45. The method according to one of claims 43 and 44, wherein the step of optimizing comprising transferring semi-persistent resources to other members of the network or transferring semi-persistent scheduled resources to other members of the network and adapting the transmit power for the transferred resources.

46. User equipment (UE) which is configured to communication within a network using a joint resource pool for one or more uplinks and for one or more sidelinks, wherein a transceiver (10t) of the user equipment (UE) is configured to calculate a transmit power to be used for the one or more uplinks and for the one or more sidelinks; and optimize a distribution of the transmit power considering one or more of the following factors:

- priority of data packets to be transmitted;

- distance between the transmitting member (10t) and a base station;

- distance between a transmitting member (10t) and a receiving member (10r, 10r1, 10r2, 10r3);

- receiving capability of the base station (14) and a receiving member (10r,

10r1, 10r2, 10r3);

- interference caused by neighboring members;

- priority of the base station (14) communication;

- priority of the sidelink resource pool;

- semi-persistent scheduled resources; and

- preconfigured resources; and/or preempted resources.
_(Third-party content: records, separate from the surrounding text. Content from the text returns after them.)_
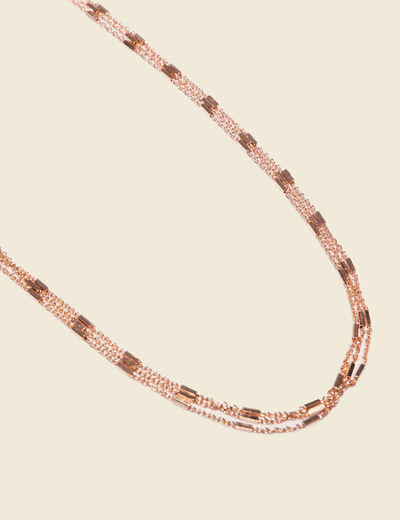 Collier chaînes multirangs couleur or femme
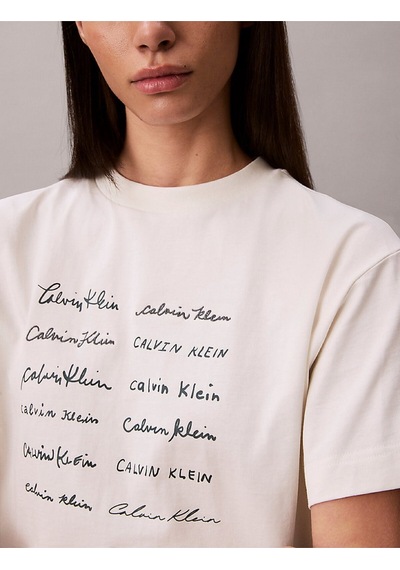 Calvin Klein Kadın Ss Boxy Fit Grafik Detaylı Crop T-shirt-15536 Taş Rengi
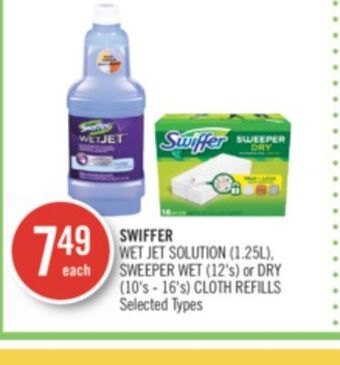 Shoppers Drug Mart Swiffer wet jet solution (1.25l), sweeper wet (12's) or dry (10's - 16's) cloth refills offer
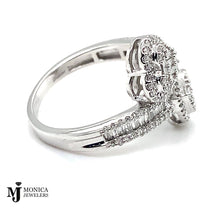 Load image into Gallery viewer, 10k white gold ladies diamond heart ring 0.55ctw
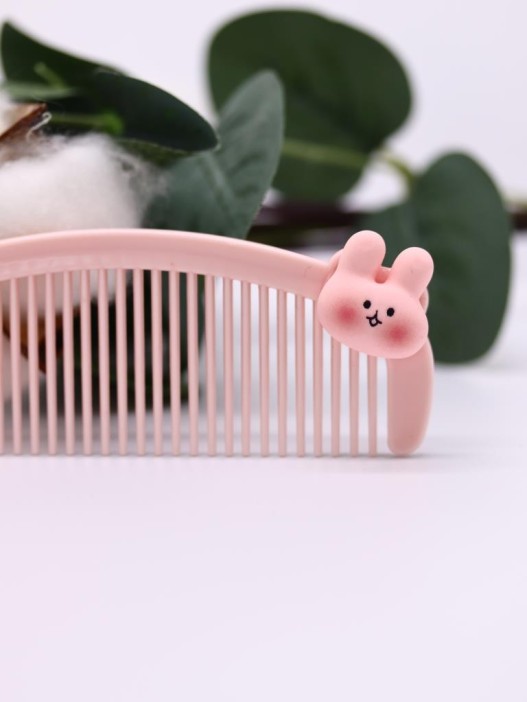 Расческа "Веселые друзья, зайцы", розовая 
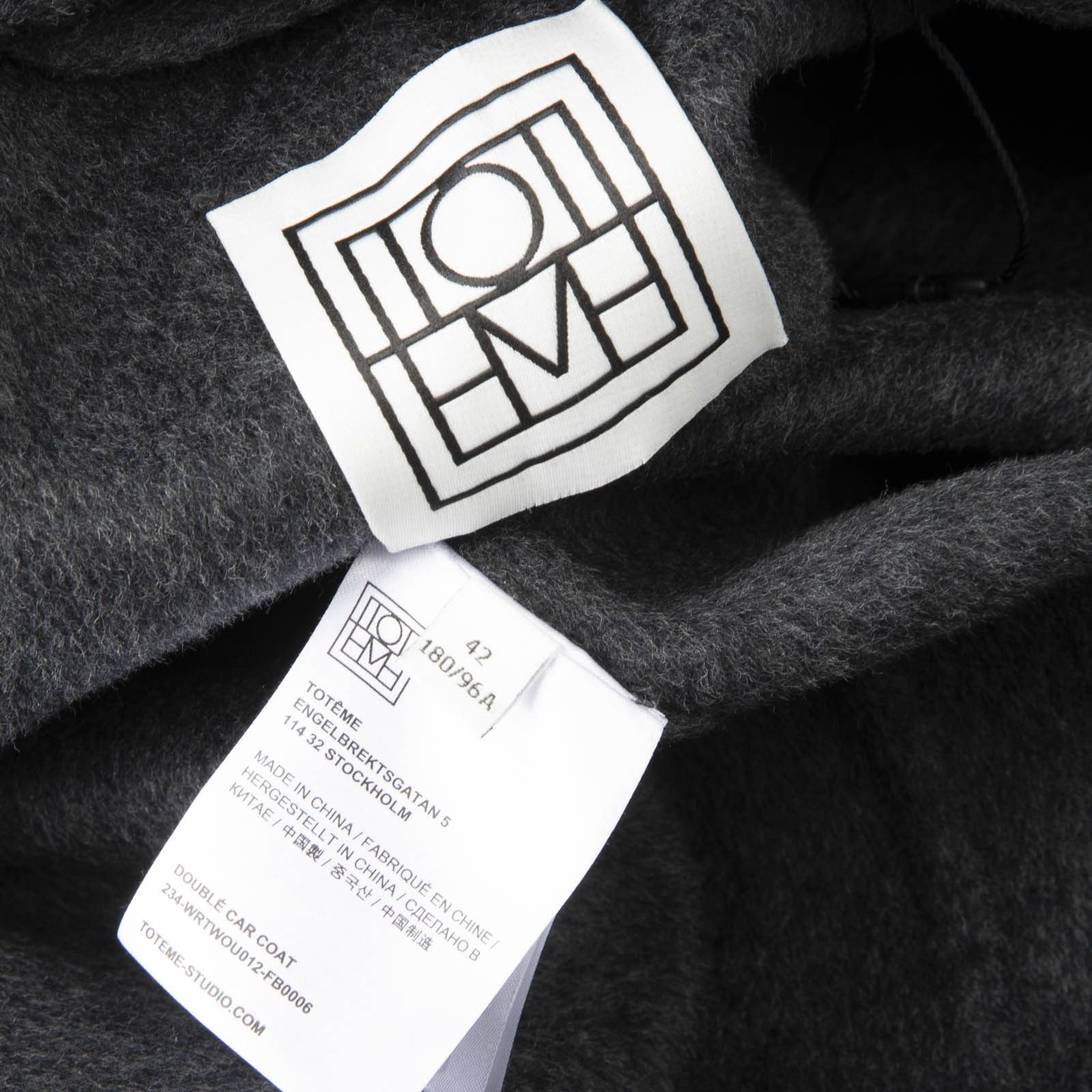 Toteme Grey Wool Doublé Car Coat Size M / US 6-8 / IT 42-44 - 4 Thumbnail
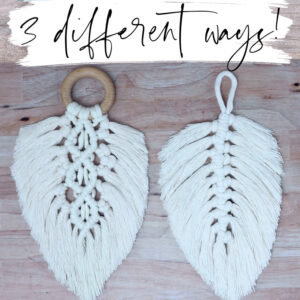 macrame feather Pinterest pin showing the three different types of feather made in this tutorial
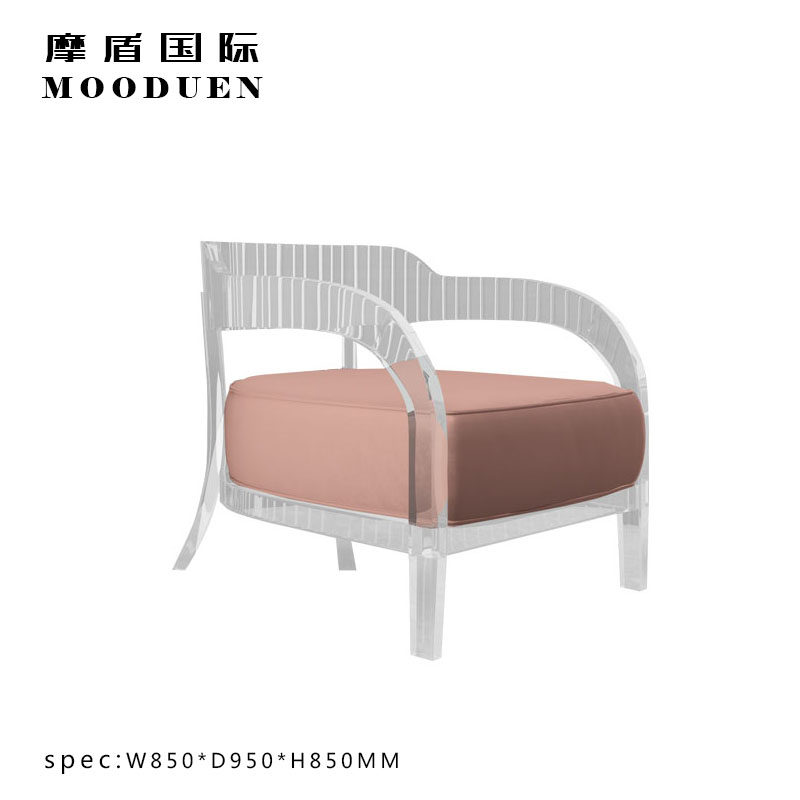 时尚现代高级酒店民宿大堂接待椅洽谈椅亚克力单椅网红梳妆椅透明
47. The method according to one of claims 1 , 3 to 22, 25 to 32, 35, 37 to 41 and 43 to 45, further comprising signaling or indirect signaling to increase the transmit power of the transmitting member, if the transmitting member receives a one or more NACKS or a certain number of NACKs.

48. Computer program for performing when running on a computer one of the methods according to one of claims 1 , 3 to 22, 25 to 32, 35, 37 to 41 and 43 to 45 and 47.

49. A system comprising at least one of the entities according to claims 2, 23, 24, 33, 34, 36, 42 and 46 and another user equipment (UE) or another base station.